The Earth's Moon has no large volcanoes like Hawaii or Mount St. Helens. However, vast plains of basaltic lavas cover much of the lunar surface. The earliest astronomers thought, wrongly, that these plains were seas of lunar water. Thus, they were called " mare " (pronounced "mahr-ay"). Mare means "sea" in Latin. In addition, other volcanic features also occur within the lunar mare. The most important are sinuous rilles , dark mantling deposits ,and small volcanic domes and cones . Most of these features are fairly small, however. They form only a tiny fraction of the lunar volcanic record.
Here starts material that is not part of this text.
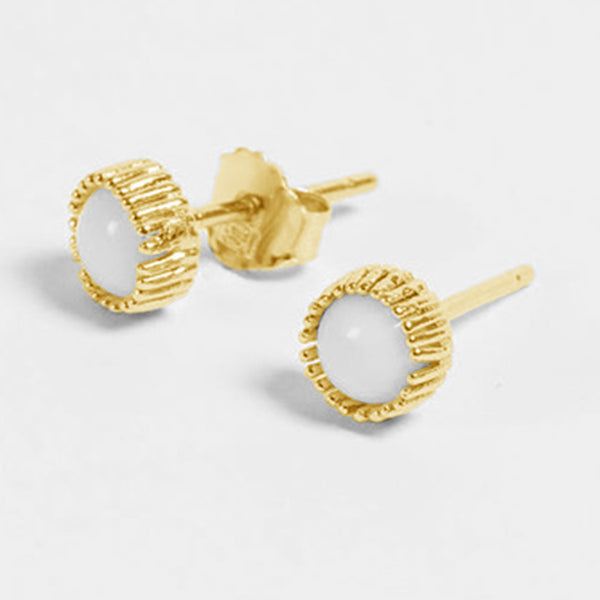 FE0402 Moonstone Stud Earring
1. Oceanus Procellarum	2. Mare Imbrium	3. Mare Cognitum	4. Mare Humorum
5. Mare Nubium	6. Mare Frigoris	7. Mare Serenitatis	8. Mare Vaporum
9. Mare Tranquillitatis	10. Mare Nectaris	11. Mare Humboldtianum	12. Mare Crisium
13. Mare Fecunditatis	14. Mare Marginis	15. Mare Smythii	16. Mare Australe
17. Mare Moscoviense	18. Mare Ingenii	19. Mare Orientale

Differences from Earth:

• Volcanism on the Moon differs in several ways from volcanism on the Earth. First, there is the matter of age. 
  • Volcanism on the Earth is an ongoing process. Many of Earth's volcanoes are quite young in geologic terms, often less than a few 100,000 years old. 
  • In contrast, most volcanism on the Moon appears to have occurred between 3 and 4 billion years ago. Typical mare samples are ~3,500,000,000 years old. Even the youngest mare flows have estimated ages of nearly 1 billion years. These "young" rocks have not been sampled or directly dated, however, so this age is very poorly known. For comparison, the oldest dated rock on the Earth is ~3.9 billion years old. The oldest sea floor basalts on Earth are only about 200 million (0.2 billion) years old. Because the Moon does not show any evidence for recent volcanic or geologic activity, it is sometimes called a "dead" planet.

   

  The settings of mare volcanism reveal another major difference from volcanism on the Earth. 

   

  • Specifically, Earth's volcanoes mostly occur within long linear mountain chains. Mountain chains like the Andes mark the edge of a lithospheric plate. Mountain chains like the Hawaiian Islands mark past plate movements over a mantle hotspot. 
  • In contrast, the mare typically occur in the bottoms of very large, very old impact craters. Thus, most of the mare are nearly circular in shape. 
  • Further, lunar mountain chains form the edges of these impact basins and tend to surround the lunar mare. There is no evidence that any system of plate tectonics ever developed on the Moon. 

   

  • Finally, the lunar mare are primarily found on one side of the Moon. They cover nearly one third of the lunar nearside (see figure), but less than 2% of the lunar farside. The surface is much higher on the farside, however, and the crust is typically much thicker there as well. Thus, the primary factors controlling volcanism on the Moon appear to be surface elevation and crustal thickness.

   

Finally, there are some major physical differences between volcanism on the Earth and on the Moon. 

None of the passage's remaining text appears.